The Royal Bank of Scotland's (RBS) CEO, Stephen Hester, provided more information about the ongoing IT failure that hit customers of RBS, NatWest, and Ulster Bank. The bank provided this detail in response to a request from the chairman of the UK Treasury Select Committee.
Each evening, the bank processes the day’s transactions across all our businesses. This is a highly complex and large-scale operation - on an average day we process around 20 million transactions. Due to the scale and complexity of the task the transactions are processed in batches through highly automated systems. In normal conditions this overnight batch processing completes before business resumes the following day.
The initial reviews we have carried out indicate that the problem was created when maintenance on systems, which are managed and operated by our team in Edinburgh, caused an error in our batch scheduler. This error caused the automated batch processing to fail on the night of Tuesday 19 June. The knock-on effects were substantial and required significant manual interventions from our team, compounded because the team could not access the record of transactions that had been processed up to the point of failure. The need to first establish at what point processing had stopped delayed subsequent batches and created a substantial backlog. It is not clear at this stage why that record was not available. Consequently, a significant number of customer account balances did not update as they should have from Thursday 21 June.
Progress to Date
Although the problem was rectified promptly, we were faced with a processing backlog which had to be cleared before we could begin to return the systems to normal. In order to be able to recommence automated batch processing and to move towards a recovered state, the batches had to be brought back into sequence.
The bank's comments are troubling at best. It appears that someone in the batch processing department if IT made a mistake and screwed up the batch scheduler. (It's important to note that a software bug or hardware failure could have caused the problem, although this is less likely than human error.)

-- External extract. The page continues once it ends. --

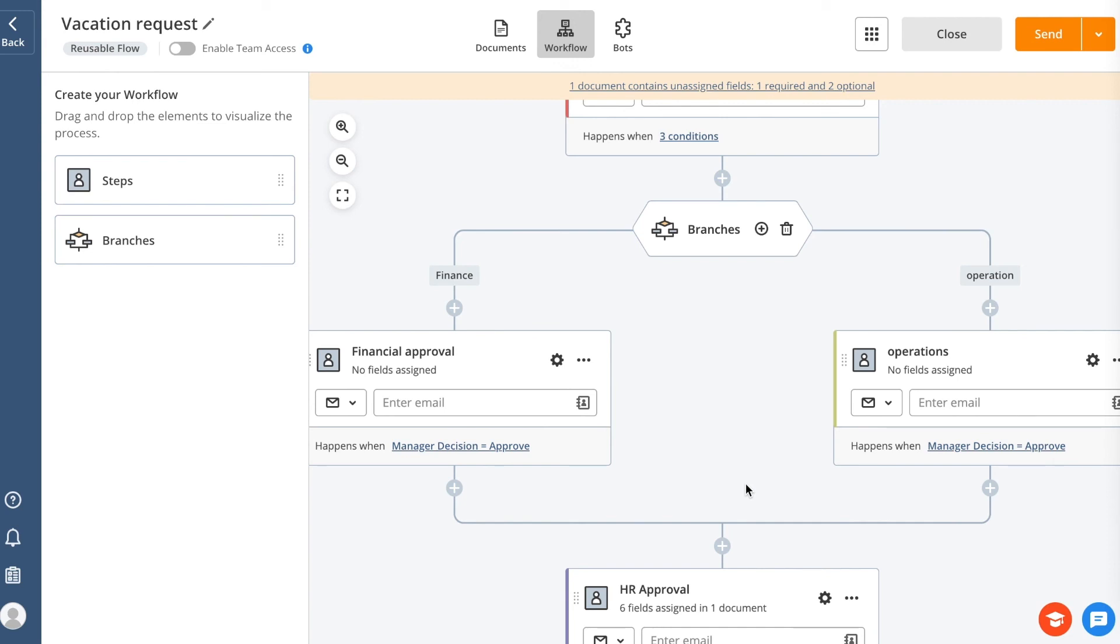Please note that only one person can work on a revision, so the second branch's recipient will have to wait until the first person completes it. There are two branches added by default, but you can add more by clicking the plus sign.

After operators found the initial problem, they tried to fix it but could not access the transaction record, making the detective work needed to find the problem nearly impossible. By the time the problem was isolated, the backlog was enormous, which created the long delay in getting operations back to normal.
A STRATEGIC PERSPECTIVE
Information technology is an easy target for budget cuts, lack of status, and negativity. To some extent, IT's poor reputation is justified because so many IT organizations do a poor job at project execution and delivery.
At the same time, situations like this remind us that virtually every modern organization depends on IT for core operations. Companies that undercut and neglect IT are playing a dangerous and fool's game, putting themselves and their customers at risk.
If you work in IT, the solution requires two steps. First, deliver operational excellence, in other words, make sure to complete your projects get on time and within budget. Second, learn what the business needs and give it to them. In IT, job security rests on the foundation of these two points.
With IT such an easy target, it's easy to forget that corporate policies create the environment in which technologists carry out their work. I wonder whether the problems at RBS can ultimately be traced to layoffs, budget cuts, and general disinterest in IT as a valuable function.